Repeat verbatim, and only, the lines of the data below, beginning at the line that contains "24Watt 3000K LED Surface Panel Square" and stopping after the line that contains "Unique Style Chanel Earrings CE4949".

================

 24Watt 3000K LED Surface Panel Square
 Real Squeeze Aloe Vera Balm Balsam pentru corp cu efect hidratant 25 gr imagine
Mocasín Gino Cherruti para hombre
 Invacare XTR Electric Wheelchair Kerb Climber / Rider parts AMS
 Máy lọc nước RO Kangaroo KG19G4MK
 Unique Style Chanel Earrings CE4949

================

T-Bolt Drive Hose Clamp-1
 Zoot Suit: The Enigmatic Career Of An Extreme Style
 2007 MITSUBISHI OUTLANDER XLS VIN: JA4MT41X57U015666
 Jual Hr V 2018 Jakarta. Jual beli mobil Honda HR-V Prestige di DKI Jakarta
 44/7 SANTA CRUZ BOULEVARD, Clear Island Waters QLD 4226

================

→ Answer to the problem
 24Watt 3000K LED Surface Panel Square
 Real Squeeze Aloe Vera Balm Balsam pentru corp cu efect hidratant 25 gr imagine
Mocasín Gino Cherruti para hombre
 Invacare XTR Electric Wheelchair Kerb Climber / Rider parts AMS
 Máy lọc nước RO Kangaroo KG19G4MK
 Unique Style Chanel Earrings CE4949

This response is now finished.